Schneekanonen auf Dauer keine Waffe gegen Klimawandel

München (dpa) - Schlechte Nachrichten für Wintersportler und Tourismusorte: Es taut - nicht nur im Frühjahr. Der Klimawandel lässt in Bayerns Bergen die Schneefallgrenzen steigen. Eine Studie für den Alpenverein ergibt: Ein Aufrüsten mit Schneekanonen hilft auf lange Sicht fast nirgends.

Weiße Schneezungen in sattem Grün, darauf ein paar unermüdliche Skifahrer und Tourengeher - so endet derzeit die Saison in den Skigebieten.
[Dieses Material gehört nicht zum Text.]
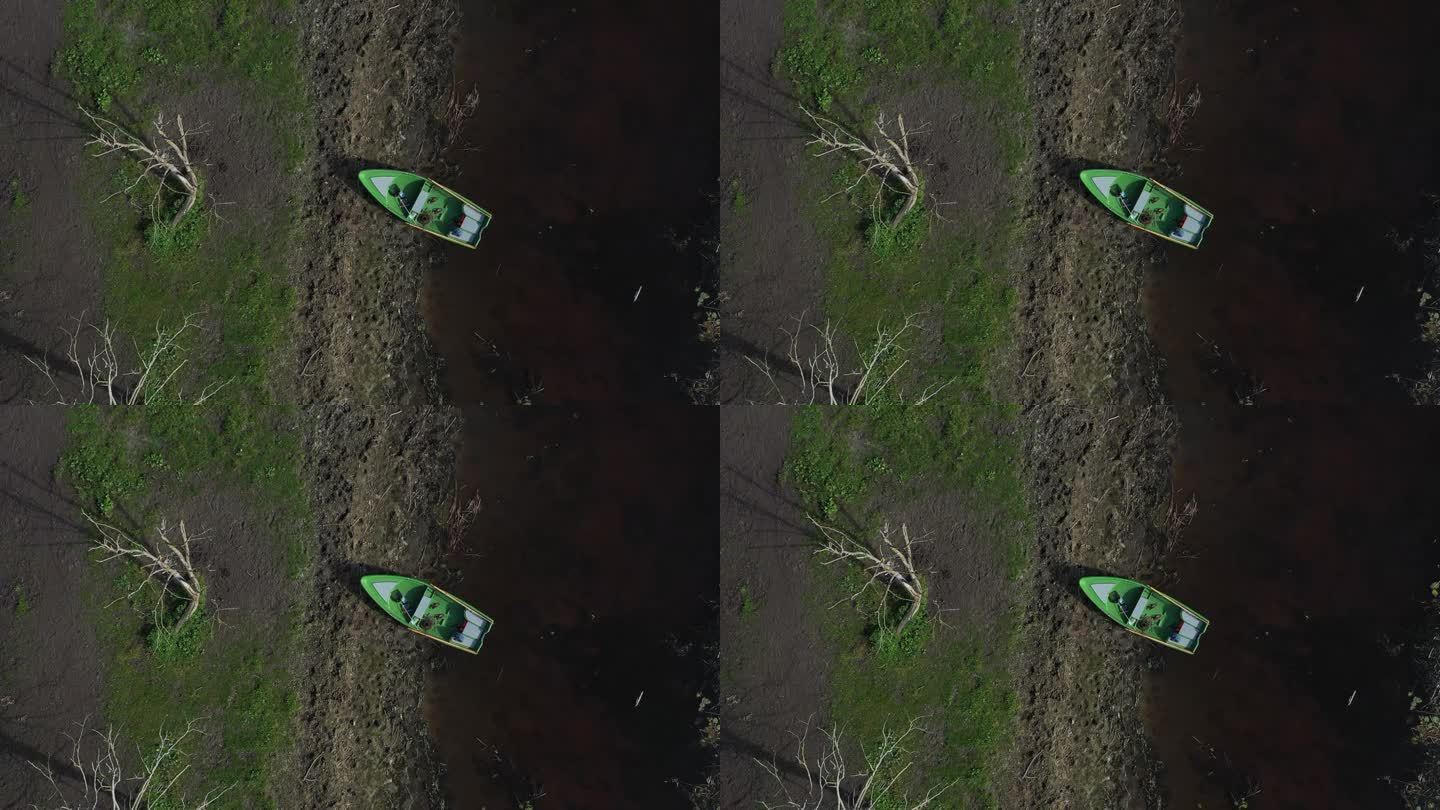 鸟瞰图:无人机发现一艘渔船安全降落在岸边，被蓝色和绿色的宁静色调所拥抱，点缀着倒下的树林。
Auf den Pisten hält sich der Schnee, auch wenn der Lifte schon geschlossen haben - denn sie wurden den Winter über kräftig beschneit, damit der Schnee auch ganz sicher bis zum Saisonende reicht. Und so ist in vielen Skigebieten auf ein paar hundert Metern noch Winter, während rundherum die Blumen sprießen. Umweltschützer bezweifeln jedoch, dass Kunstschnee die bayerischen Skigebiete langfristig schneesicher machen kann.
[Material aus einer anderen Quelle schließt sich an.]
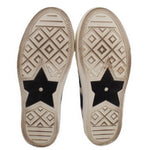 Outsoles of low-top sneakers with star graphic and patterned tread, dark and cream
Eine Studie im Auftrag des Deutschen Alpenvereins (DAV) kommt ähnlich wie frühere Prognosen zu dem Ergebnis: In den bayerischen Bergen werden die Skifahrer langfristig nur zwei schneesichere Gebiete ansteuern können: Die Pisten in Garmisch-Partenkirchen um die Zugspitze und in Oberdorf am Nebelhorn. Auch nach einer OECD-Studie wäre bei einer Erwärmung um vier Grad in Deutschland nur die Zugspitze schneesicher.

Der Gletscher an Deutschlands höchstem Berg dürfte dann geschmolzen sein, er könnte nach Prognosen schon in zwei Jahrzehnten ganz verschwinden. Die Bayerische Zugspitzbahn kämpft deshalb auch im Sommer um ihr Skigebiet. Mit weißen Planen deckten Helfer alljährlich ein paar Hundert Quadratmeter ab, um Eis und Schnee zu schützen. Ähnlich machen es österreichische Gletscherskigebiete. Zum Erhalt der vom Klimawandel bedrohten Gletscherwelt trägt das aber Experten zufolge nicht messbar bei - bestenfalls zum Erhalt des Skibetriebs.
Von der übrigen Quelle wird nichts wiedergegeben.